The task |
Set down the data below in full, exactly as it reads, but without the pictures.

Dataset records |
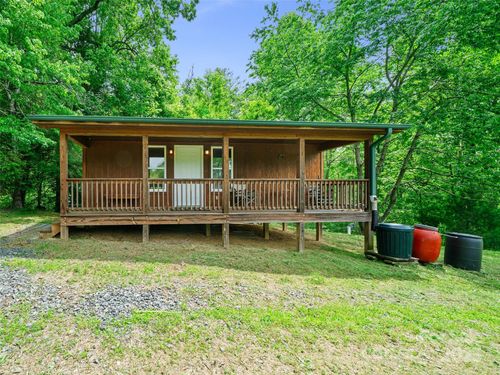 289 Bailey Settlement Rd, Green Mountain, NC, 28740-8615 | Card Image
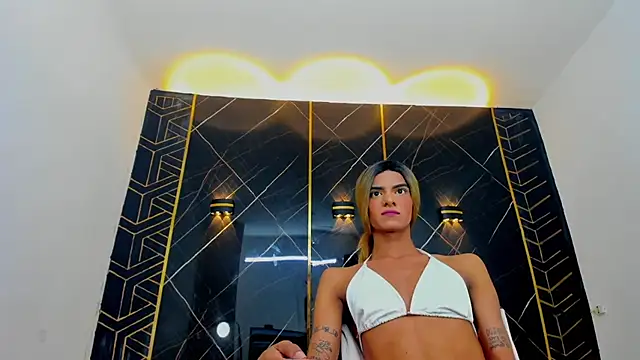 Isabella stanford2 online show from 01.28.25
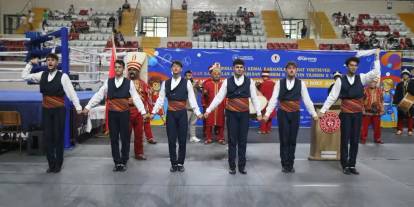 Genç boksörlerden Sivas’ta renkli açılış seremonisi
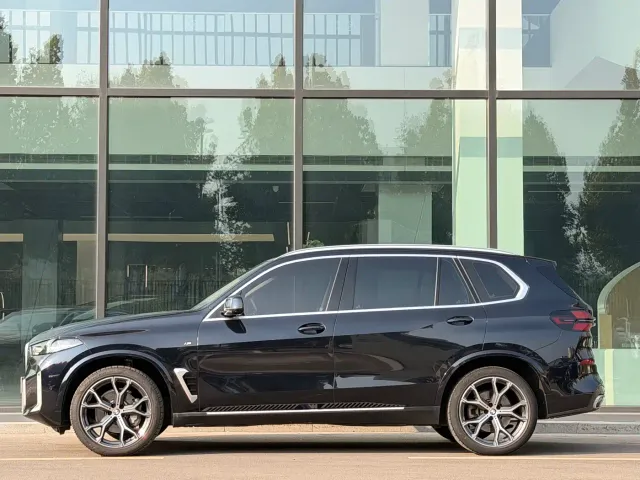 BMW X5 — Фото автомобиля 2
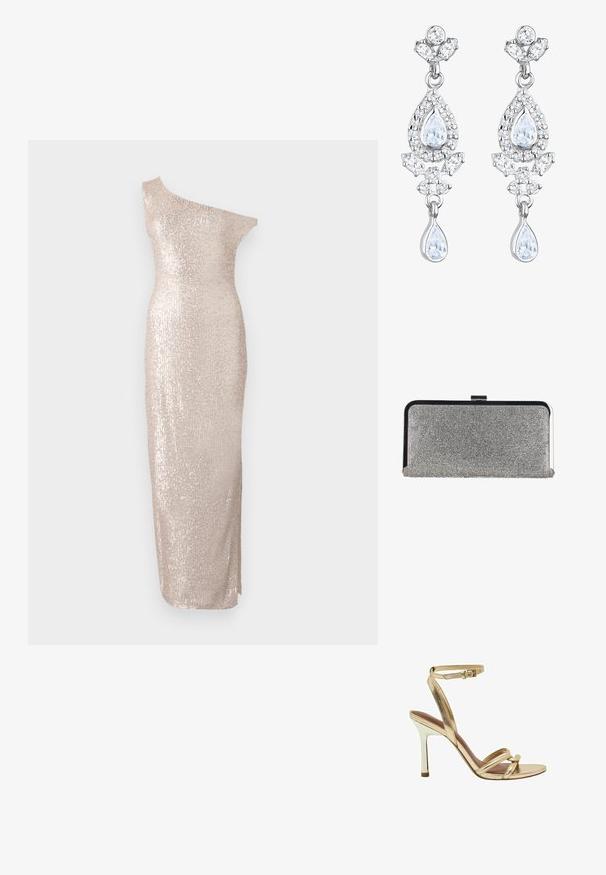 Knælang, one-shoulder kjole i lys beige med en tætsiddende silhuet, der har en paillet-tekstur og et strømlinet, lige design.; Guld højhælet sandal med tynde stropper, en ankelspænde og en slank stilet hæl på en hvid baggrund.; Rektangulær sølv clutch-pung dækket med små rhinsten med en sort og sølv metalramme og låsebeslag.; Elli ANTIQUE DROP - Øreringe - weiß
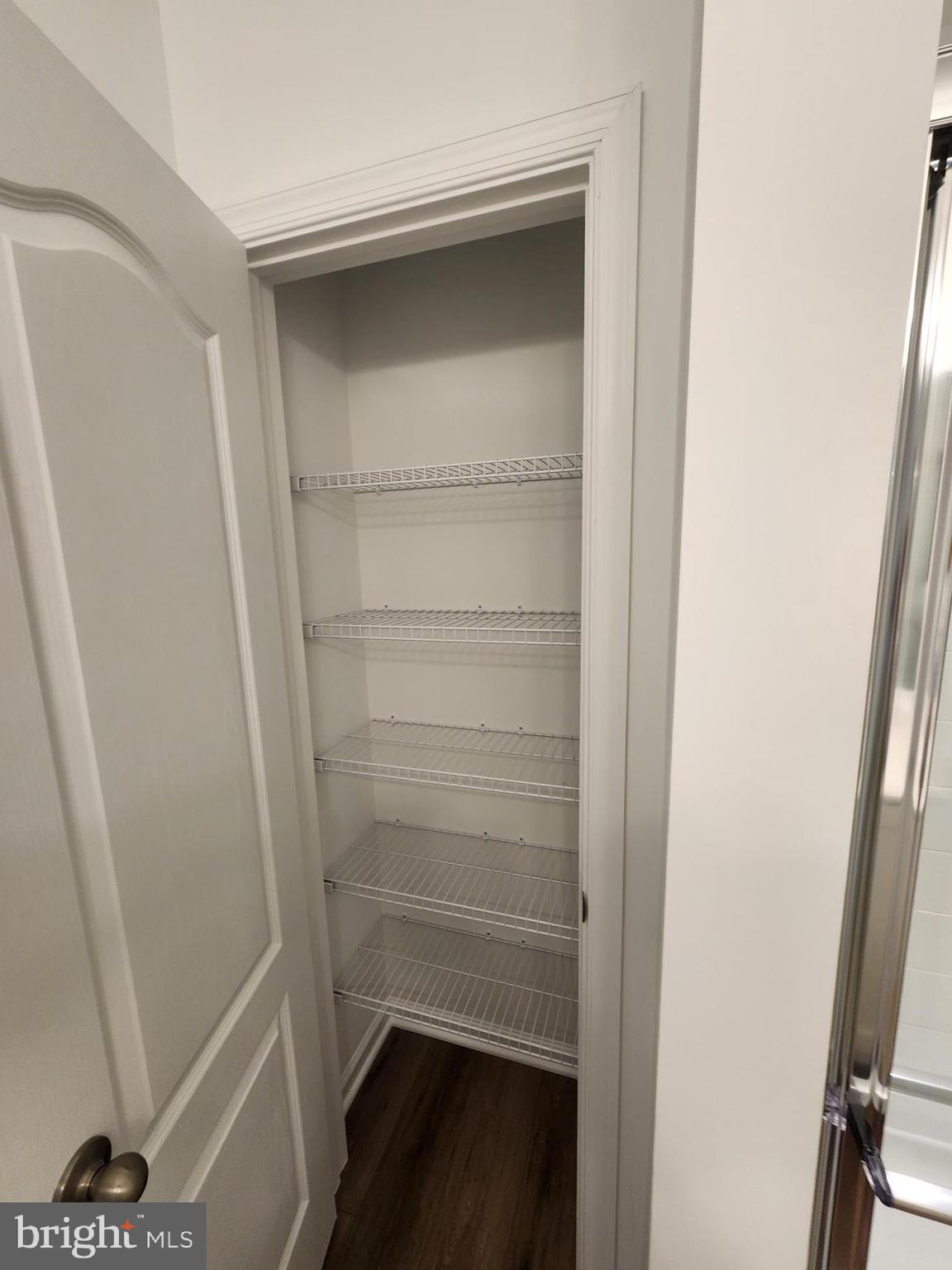 MARTINSBURG STATION - Residential Lease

Solution to the exercise |
 289 Bailey Settlement Rd, Green Mountain, NC, 28740-8615 | Card Image
 Isabella stanford2 online show from 01.28.25
 Genç boksörlerden Sivas’ta renkli açılış seremonisi
 BMW X5 — Фото автомобиля 2
 Knælang, one-shoulder kjole i lys beige med en tætsiddende silhuet, der har en paillet-tekstur og et strømlinet, lige design.; Guld højhælet sandal med tynde stropper, en ankelspænde og en slank stilet hæl på en hvid baggrund.; Rektangulær sølv clutch-pung dækket med små rhinsten med en sort og sølv metalramme og låsebeslag.; Elli ANTIQUE DROP - Øreringe - weiß
 MARTINSBURG STATION - Residential Lease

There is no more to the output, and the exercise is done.